Accelero Xtreme will be available by mid February 2008. The MSRP of the Accelero Xtreme 2900 is
US$49.90 and €34.90 (excl VAT). The MSRP of the Accelero Xtreme 8800 is US$47.90 and €32.90
(excl VAT).

Technical specification






*View at TechPowerUp Main Site*


----------



## ShadowFold (Feb 19, 2008)

"which is specially designed for ATI HD 2900XT/Pro"

Does that mean HD 3870 too? But damn thats an awsome cooler..


----------



## ktr (Feb 19, 2008)




----------



## mandelore (Feb 19, 2008)

holy shit that looks nice!


----------



## Nicksterr (Feb 19, 2008)

FINALLY they are releasing this. Its been in design/testing forever...way back 6+months ago when it was initially announced. They are going to sell a crapload and realize they should've put it out earlier.


----------



## HaZe303 (Feb 19, 2008)

Wow... thats impressive. Give me real life performance reviews now! If that baby is better than my current Hr03+, im gonna get me one of those right away!


----------



## Richieb0y (Feb 19, 2008)

nice cooler 

too bad my GT dont OC over 625mhz on core so i dont need it which i find a shame


----------



## hugz (Feb 19, 2008)

http://www.legionhardware.com/document.php?id=720


----------



## ktr (Feb 19, 2008)

hugz said:


> http://www.legionhardware.com/document.php?id=720



Looks damn prefect fit for that card. And it draws power from the card itself...which is nice.


----------



## nflesher87 (Feb 19, 2008)

beastly


----------



## Duxx (Feb 19, 2008)

Is right...


----------



## thebeephaha (Feb 19, 2008)

FINALLY!!!

No more of this:






And this:






And then this:






To cool my superclocked ultra........


----------



## Demos_sav (Feb 19, 2008)

Will that fit on my 8800GTS? Damn I hope it will....I want one of these


----------



## jpaulson344 (Feb 19, 2008)

oh my its triple slot


----------



## panchoman (Feb 19, 2008)

looks sweet... almost walked into a wall looking at it.. litterally


----------



## HaZe303 (Feb 19, 2008)

Another Review.

http://www.madshrimps.be/?action=getarticle&number=5&artpage=3168&articID=667

Great cooler, im going to get me one. Not because its much better than the HR03+, but bc it takes less space than the hr03+. And as a bonus you get even better cooling at the same time. And bonus two is acces to pci-e slot 2 which is blocked by the fan on the Hr03+ atm.


----------



## hugz (Feb 19, 2008)

thebeephaha, man thats the ugliest Ultra I have ever seen haha  

I love the cooler, look at the performance.holy cow!


----------



## thebeephaha (Feb 19, 2008)

hugz said:


> thebeephaha, man thats the ugliest Ultra I have ever seen haha
> 
> I love the cooler, look at the performance.holy cow!

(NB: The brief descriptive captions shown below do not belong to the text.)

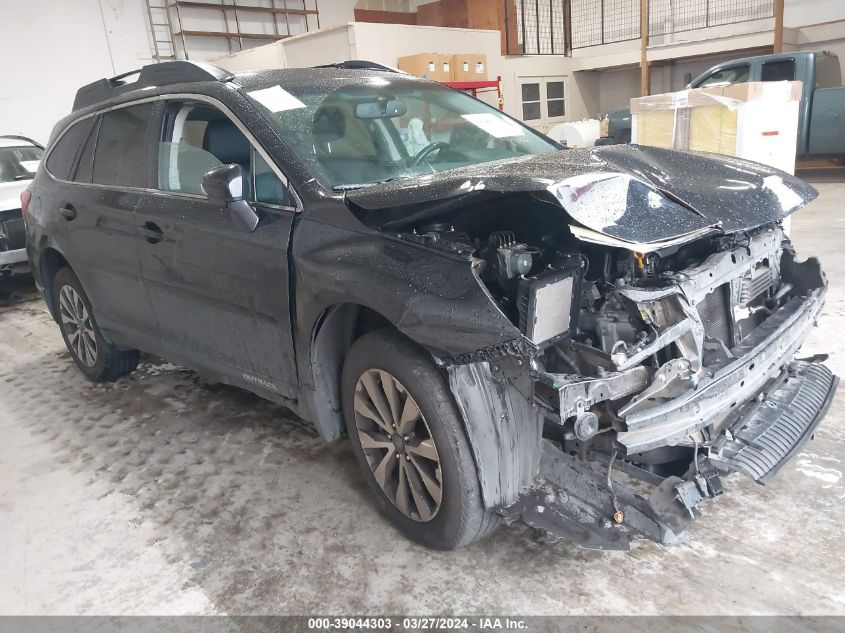 2015 SUBARU OUTBACK 2.5I LIMITED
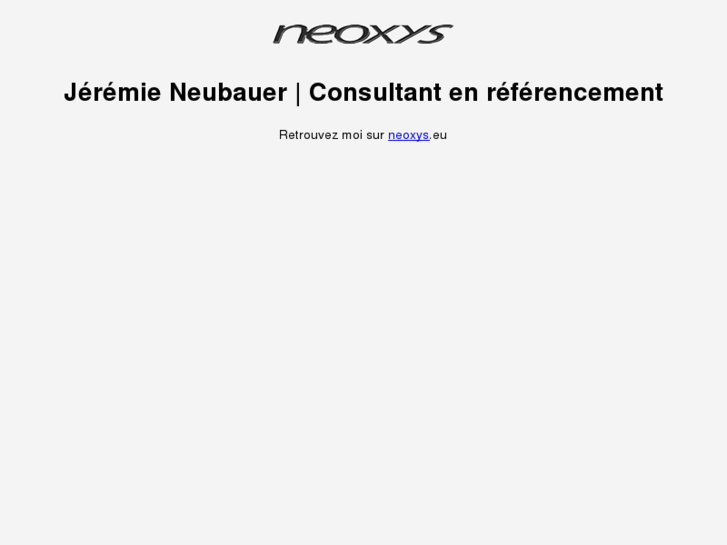 www.neoxys.mobi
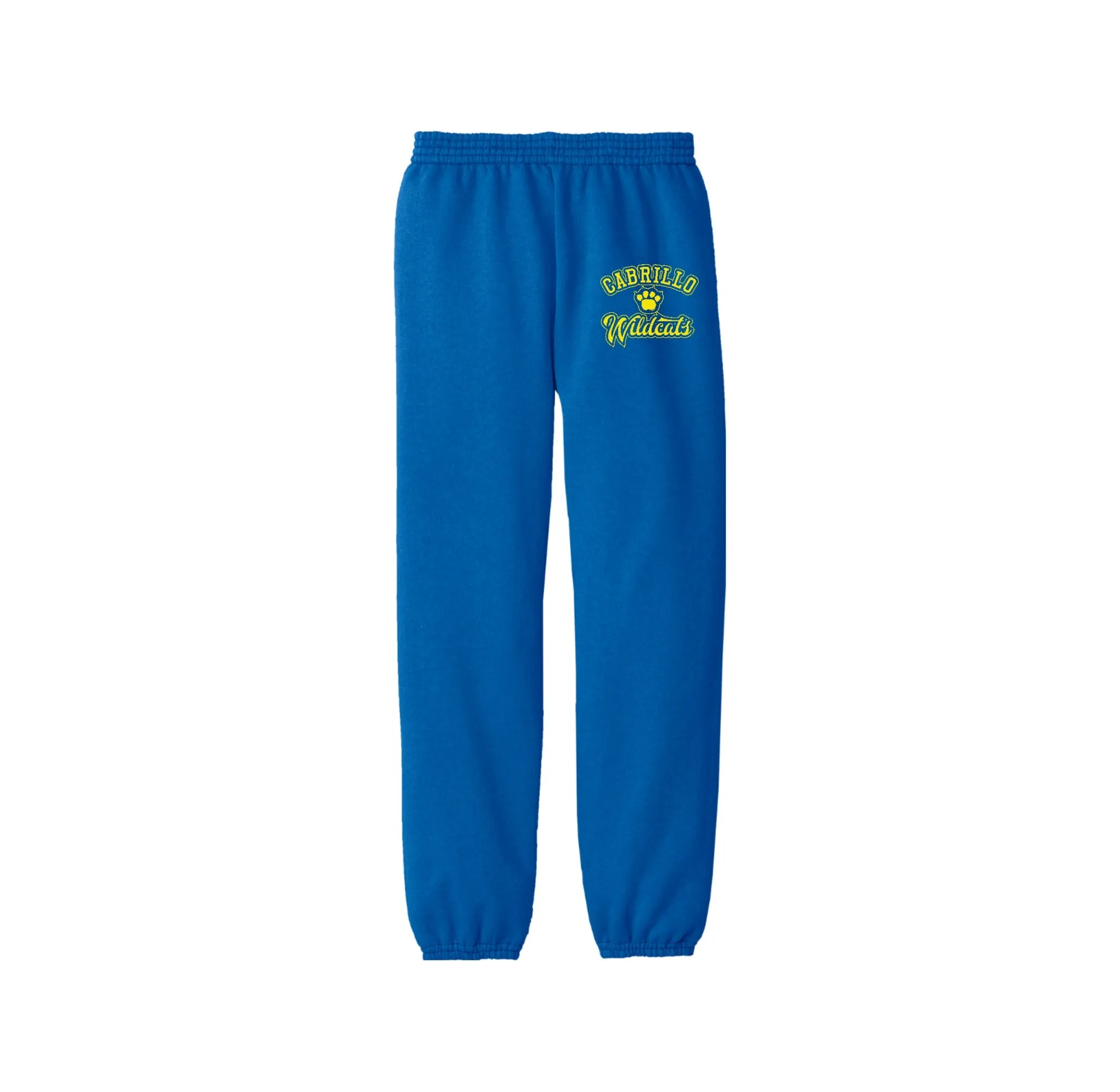 Cabrillo On-Demand-Youth Unisex Sweatpants On-Demand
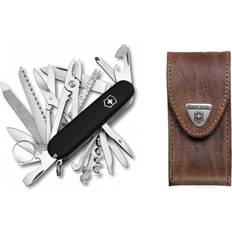 Victorinox SWISS Champ Swiss Army Knife Bundle Pack Multi-tool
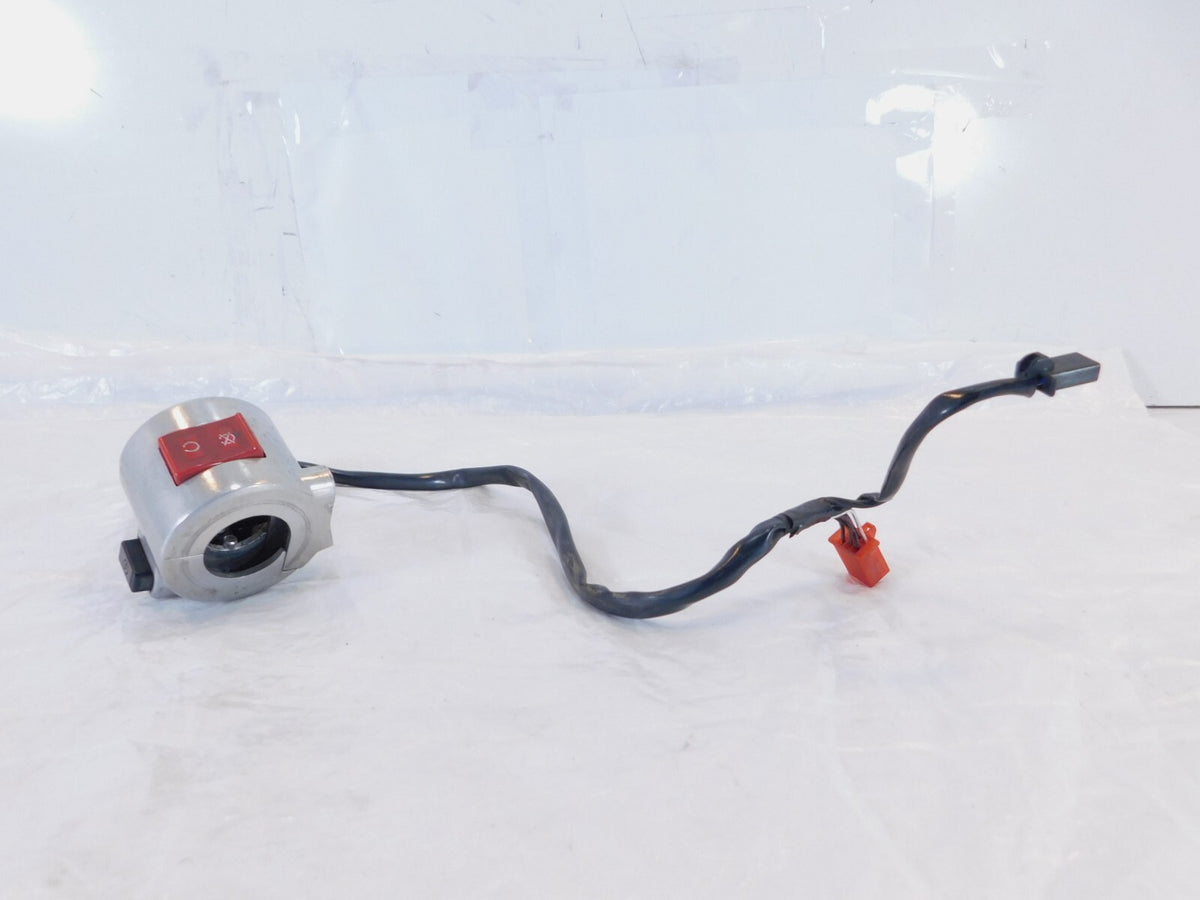 2010-2013 Honda VT750 Shadow 750RS VT750RS Right Handlebar Engine Start Switches - C3 Cycle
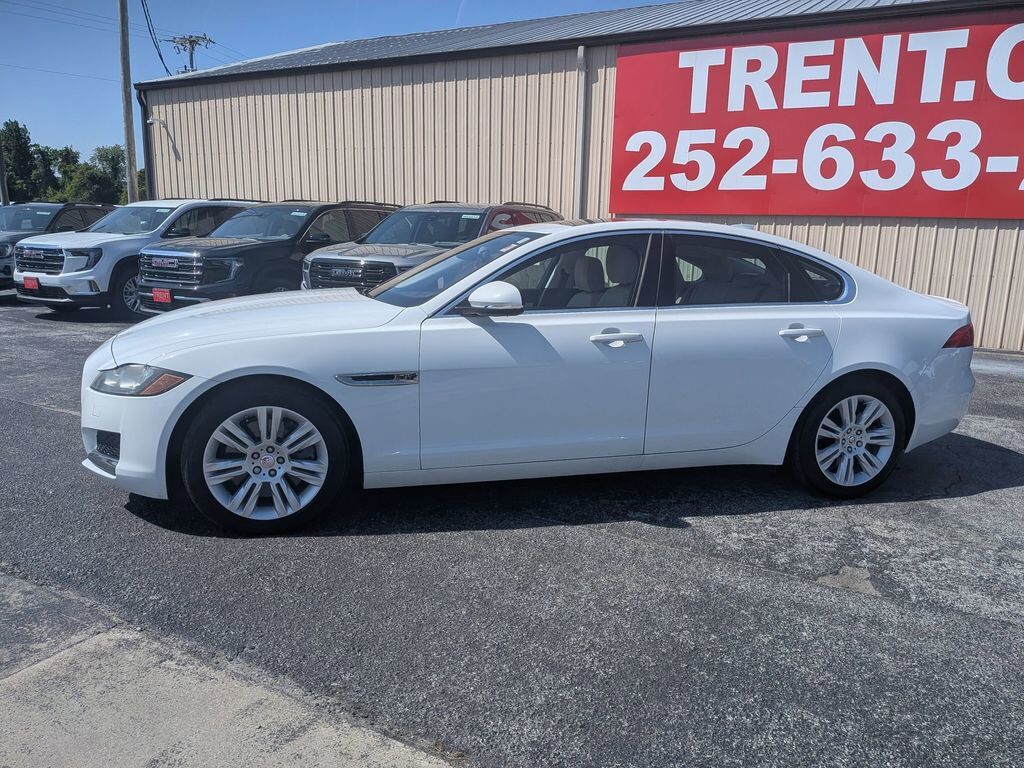 2016 JAGUAR XF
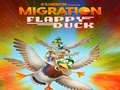 ເກມ Migration Flappy Duck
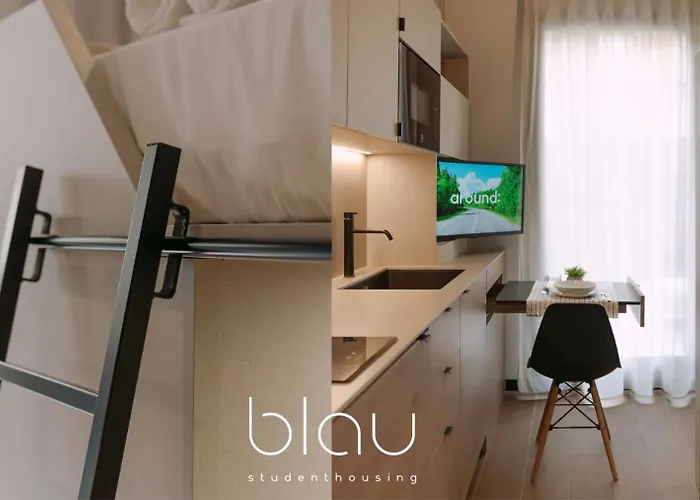Blau Student Housing - Students Only Barcelona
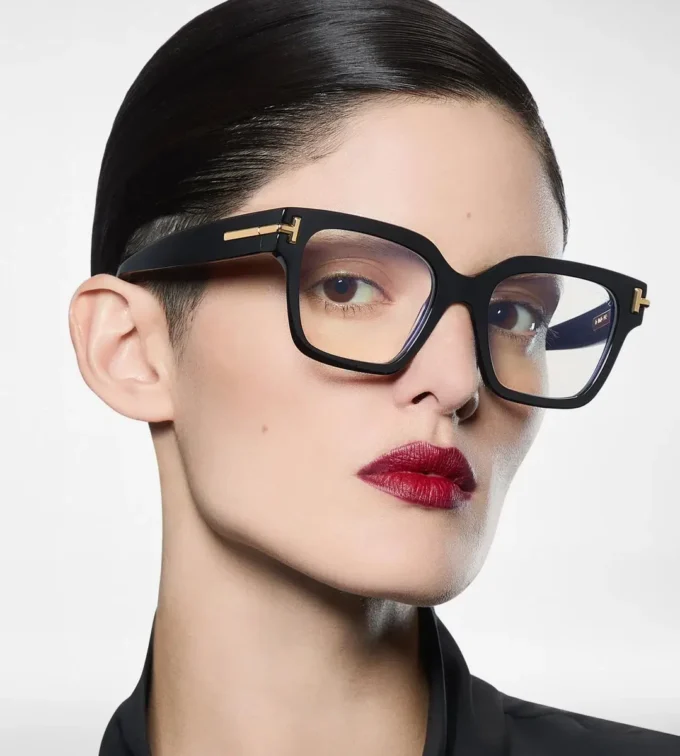 Icon Blue Block Square Opticals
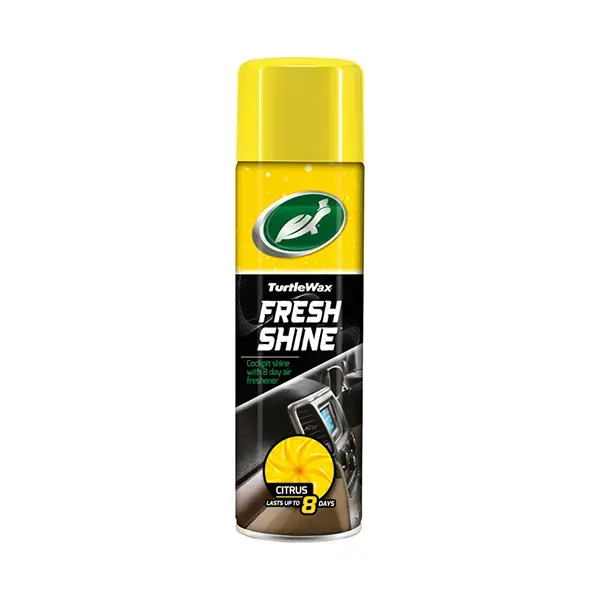 Turtlewax Fresh Shine 500ml Citrus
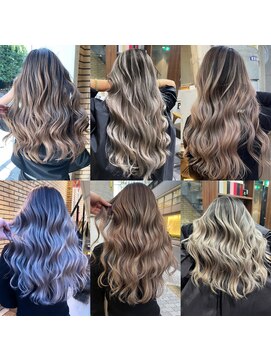 ラフ(LAFF) #黒髪#ボブルフ#ネビージュ#小顔#ワンレン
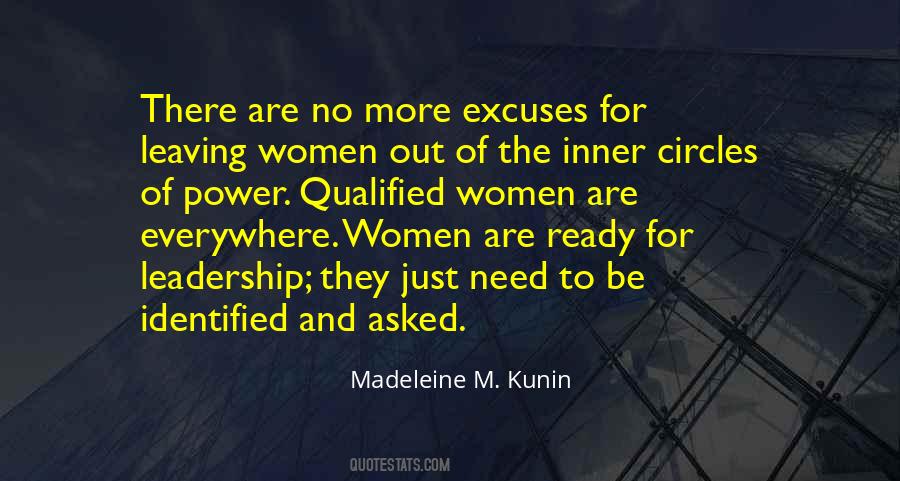 Madeleine M. Kunin Quotes #686186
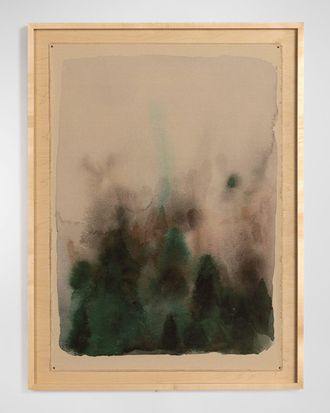 Four Hands Woodland Giclee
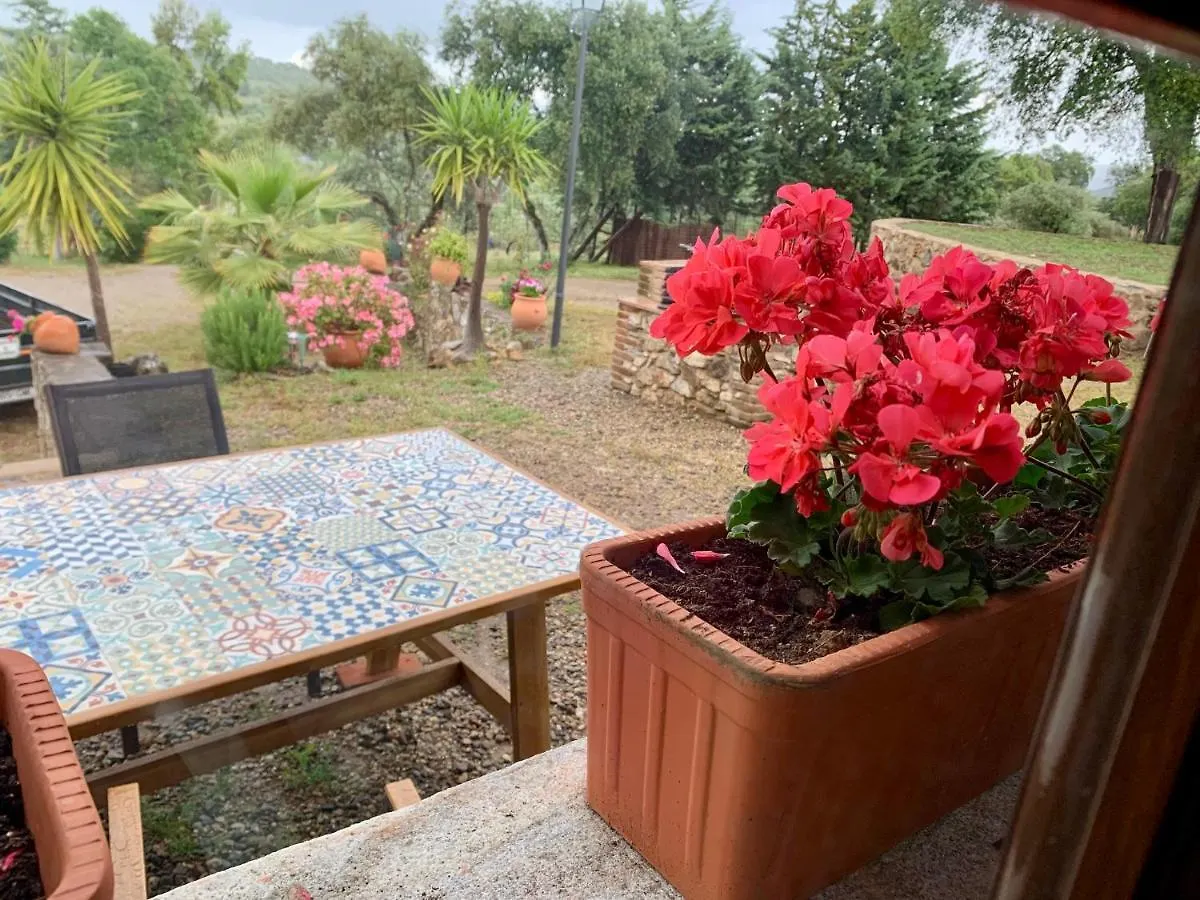 Casa Rural La Portilla Villa Aroche 0*,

Yup, it cools well though and cost all of like $25, load never goes above 65c.


----------



## WarEagleAU (Feb 20, 2008)

yeah, I think this cooler is longer than the 3870X2 cards....holy crap.


----------



## hat (Feb 20, 2008)

thebeephaha said:


> FINALLY!!!
> 
> No more of this:
> 
> ...



Hey. NICE CARD.

As for this cooler... hubbada-hubbada-hubbada...

I want one of these on my CPU lol and see what temps would be like


----------



## AsRock (Feb 20, 2008)

WOW i might put a side a water cooler for that Ummm.


----------



## Urbklr (Feb 20, 2008)

Finally, something ill get for ma 2900


----------



## happita (Feb 21, 2008)

Crazy looking aftermarket cooler. If it gives me a temp of -10c I'll be happy


----------



## Nitro-Max (Feb 21, 2008)

Id like to know what that thing weighs woulnt want it warping my cards pcb.


----------



## AsRock (Feb 21, 2008)

Nitro-Max said:


> Id like to know what that thing weighs woulnt want it warping my cards pcb.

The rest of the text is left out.